[Data for analysis]:
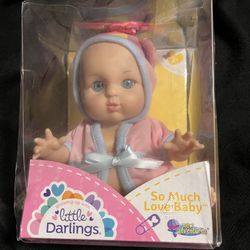 Baby Doll Little Darlings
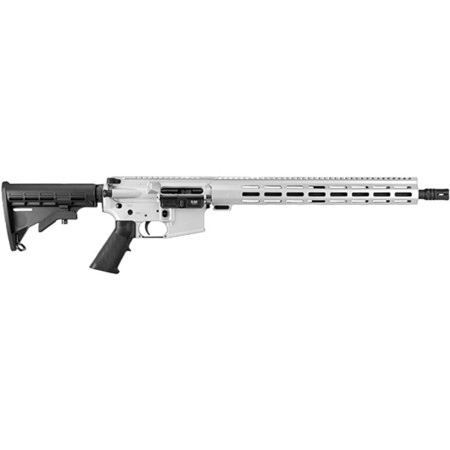 Alex Pro Firearms Guardian 5.56 White 16 Mlok M4 30Rd RI282W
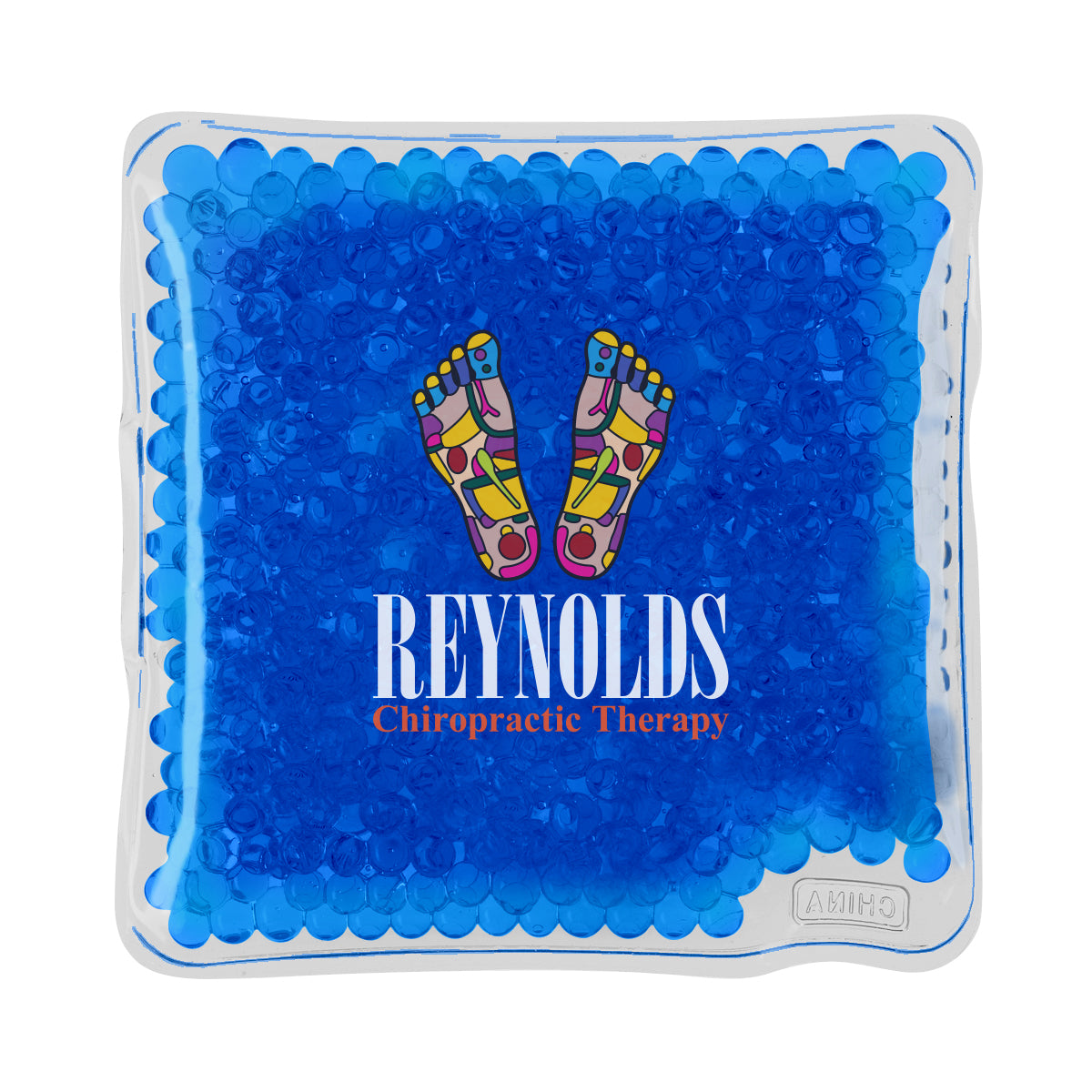 Square Gel Beads Hot/cold Pack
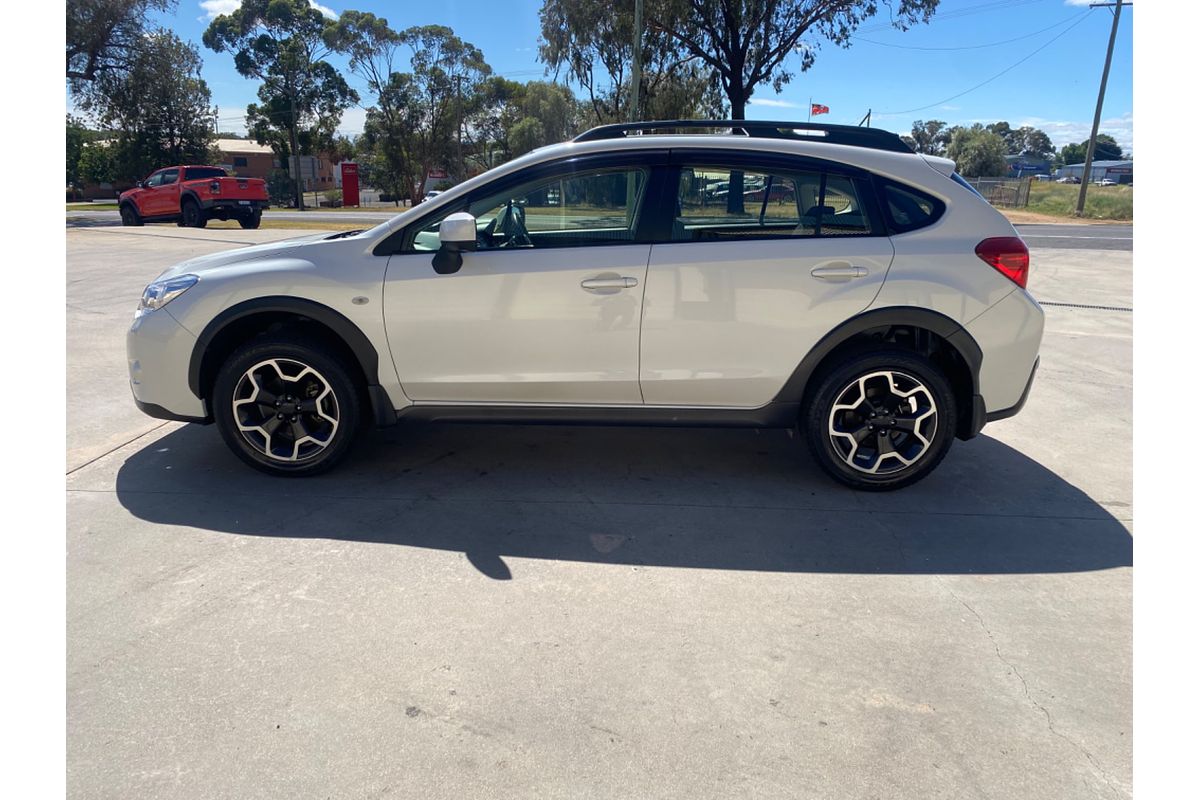 2014 Subaru XV 2.0i G4X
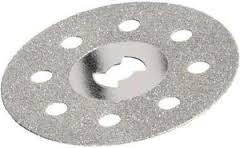 Dremel | Diamond Cutting Wheel, SpeedClic (SC545) - Toolcraft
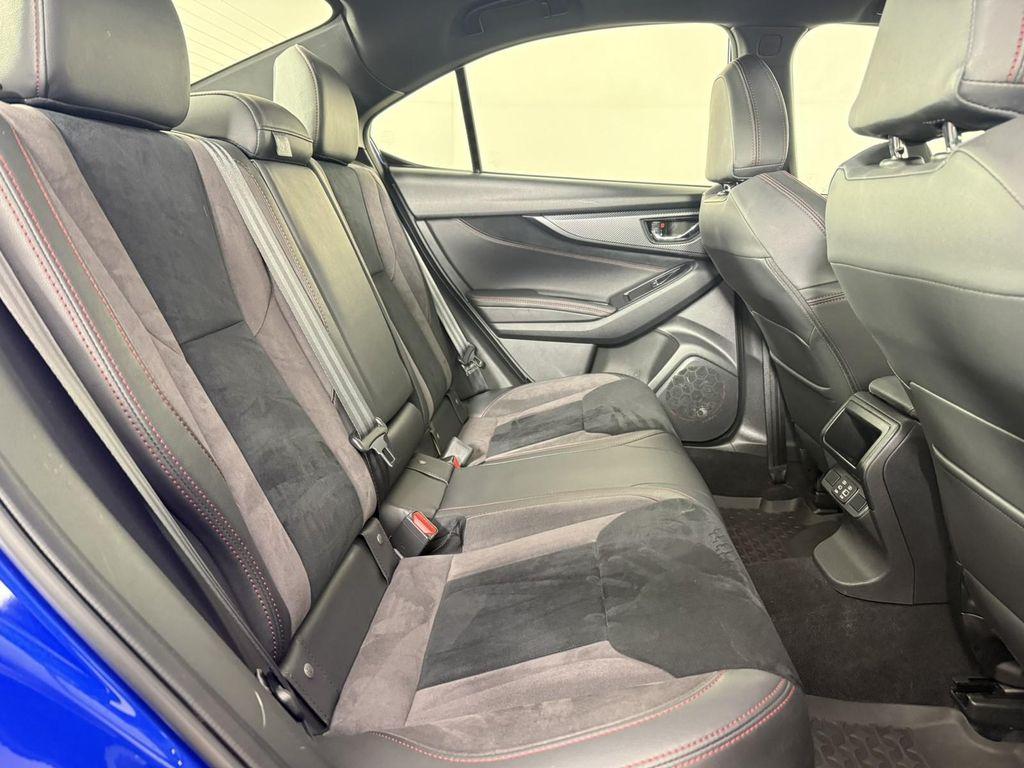 used 2024 Subaru WRX car, priced at $39,998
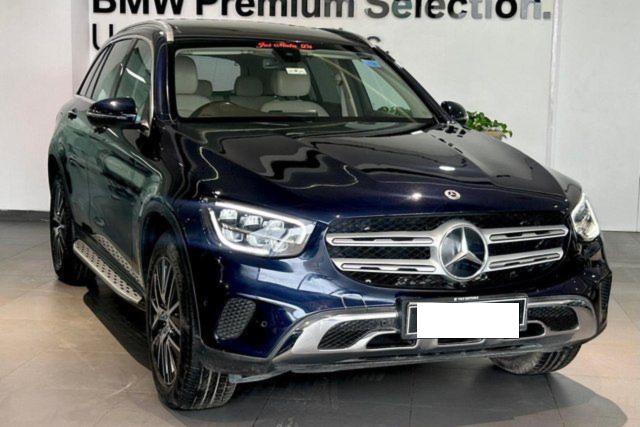 2022 Mercedes-Benz GLC 220d 4MATIC
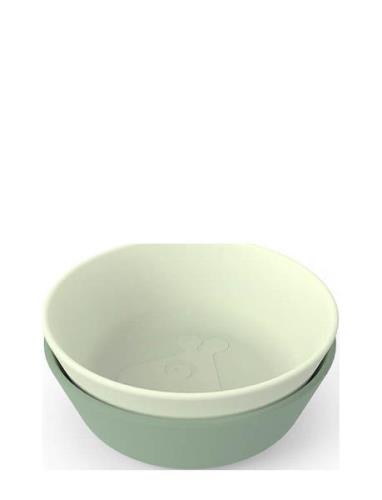 Kiddish Bowl 2-Pack Raffi Home Meal Time Plates & Bowls Bowls Green D ...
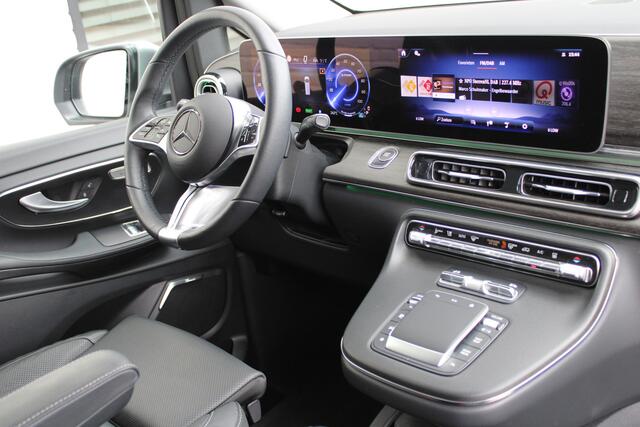 Mercedes-Benz EQV 300 L3 / Extra Lang / 7-Persoons / 2x Elec Schuifdeur / Burmester / 360 Camera / Vol Opties / NIEUWSTAAT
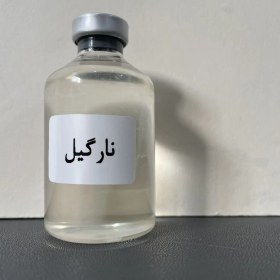 تصویر روغن نارگیل 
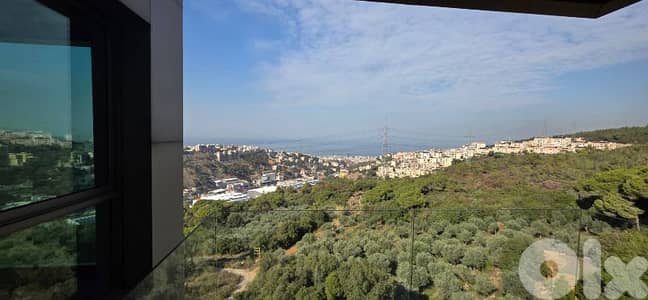 Apartment For Daily Weekly Rent Ain Saadeh Maten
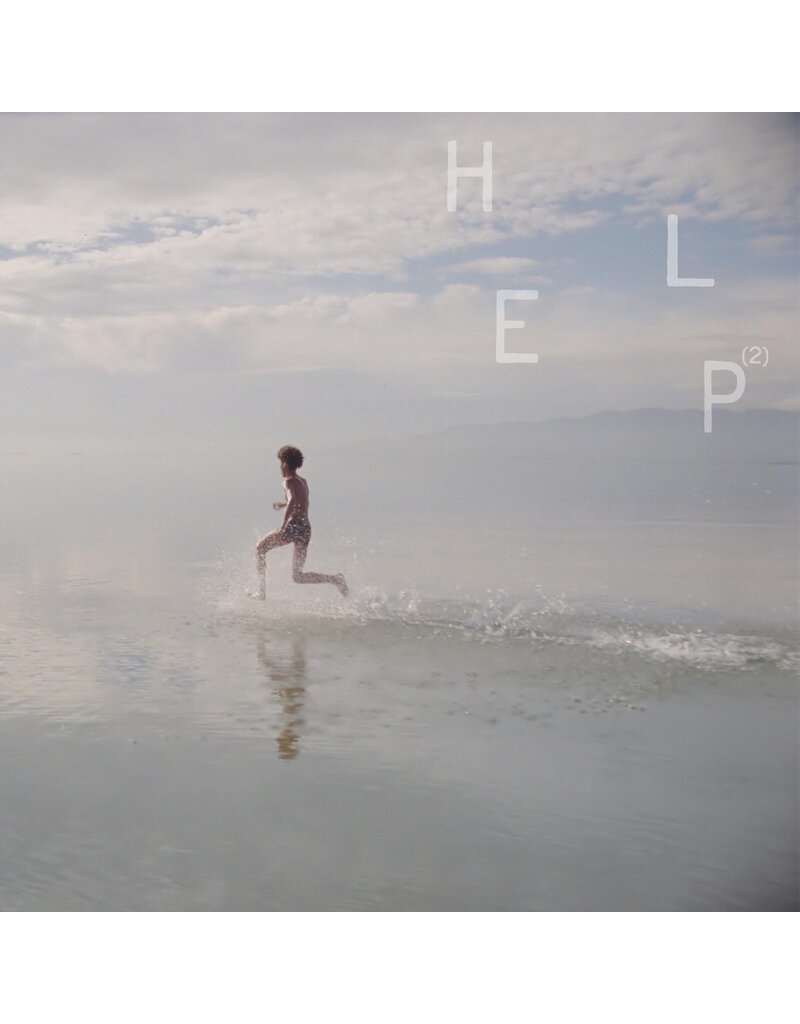 (LP) Various Artists - War Child Records: Help(2) (2LP)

[Instructions to follow]:
Nothing but the lines from the line holding "تصویر روغن نارگیل" through the last line of the entries above is to be reproduced, exactly and without pictures.

[Answer to this exercise]:
 تصویر روغن نارگیل 
 Apartment For Daily Weekly Rent Ain Saadeh Maten
 (LP) Various Artists - War Child Records: Help(2) (2LP)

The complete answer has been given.